● **Captioned web images**
[Start of section]

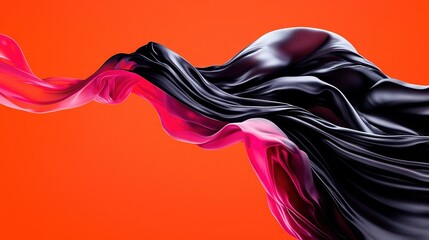  Black and pink dress blowing on an orange-pink background against a red backdrop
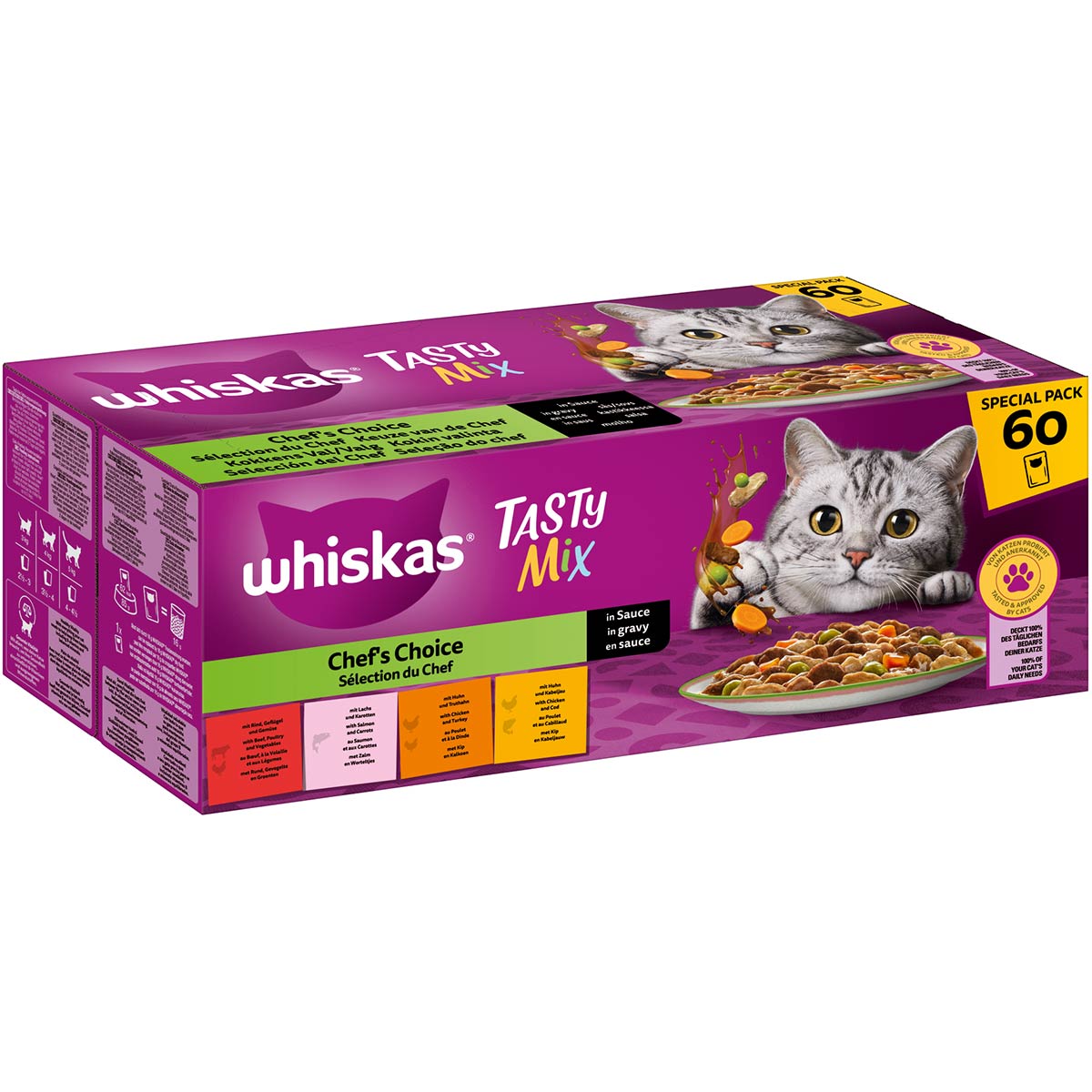 Whiskas TASTY MIX Pouch Multipack in Sauce 60x85g von Whiskas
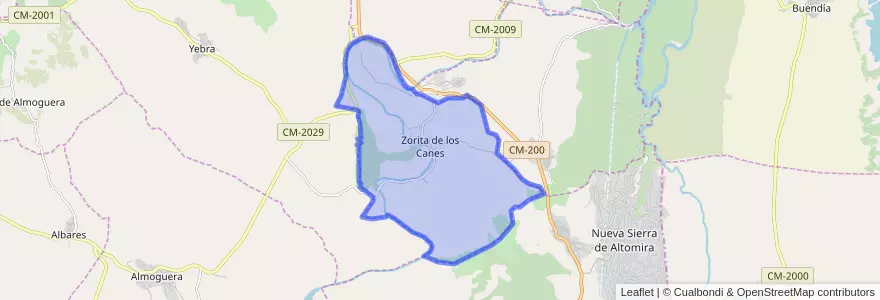 Mapa de ubicacion de Zorita de los Canes.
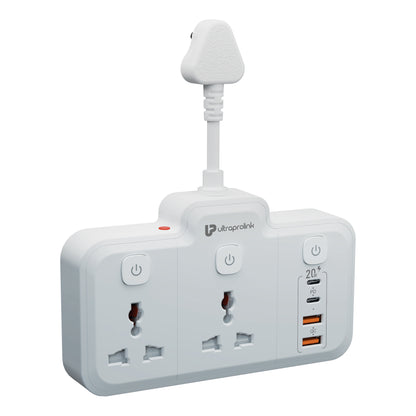White power strip with multiple outlets and USB ports on a white background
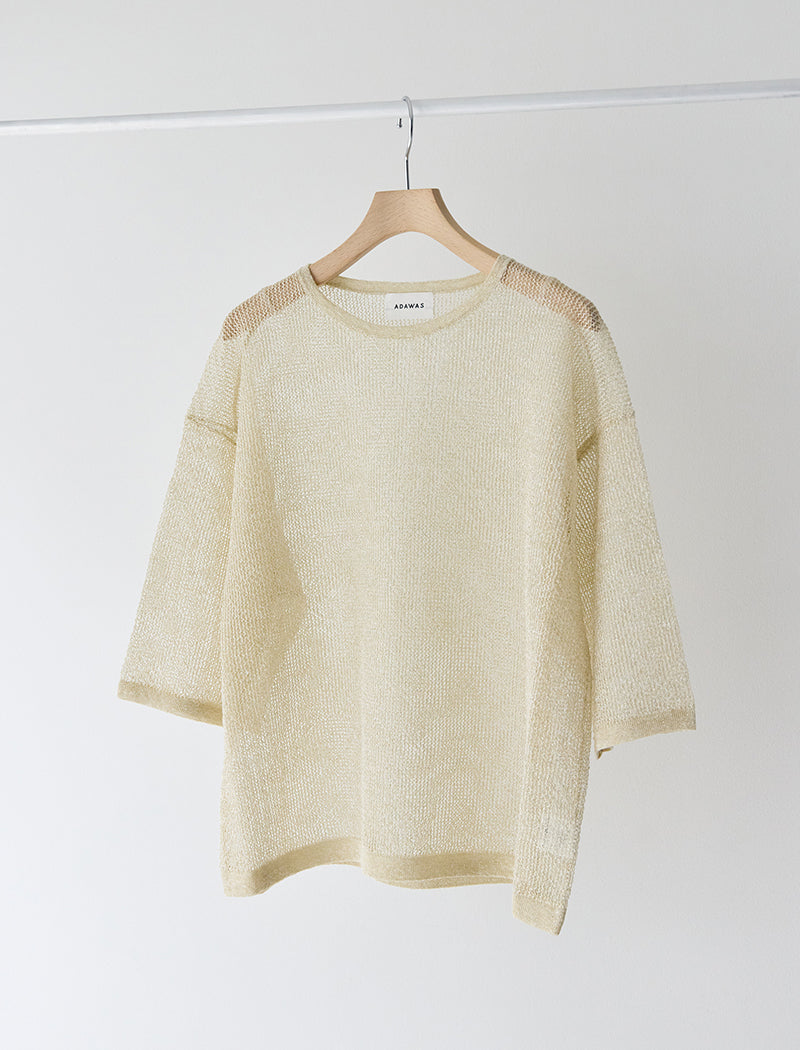 OPEN-KNIT SEMI-SHEER TEE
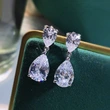 2023 New Water Drop Earrings for Women Exquisite Zircon Pear-Shaped Earrings Elegant Temperament Internet Celebrity Earrings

[End of section]

● **Work to complete**
Write out the records once more, word for word, though without the pictures they contain.

● **Task output**
  Black and pink dress blowing on an orange-pink background against a red backdrop
 Whiskas TASTY MIX Pouch Multipack in Sauce 60x85g von Whiskas
 Mapa de ubicacion de Zorita de los Canes.
White power strip with multiple outlets and USB ports on a white background
 OPEN-KNIT SEMI-SHEER TEE
 2023 New Water Drop Earrings for Women Exquisite Zircon Pear-Shaped Earrings Elegant Temperament Internet Celebrity Earrings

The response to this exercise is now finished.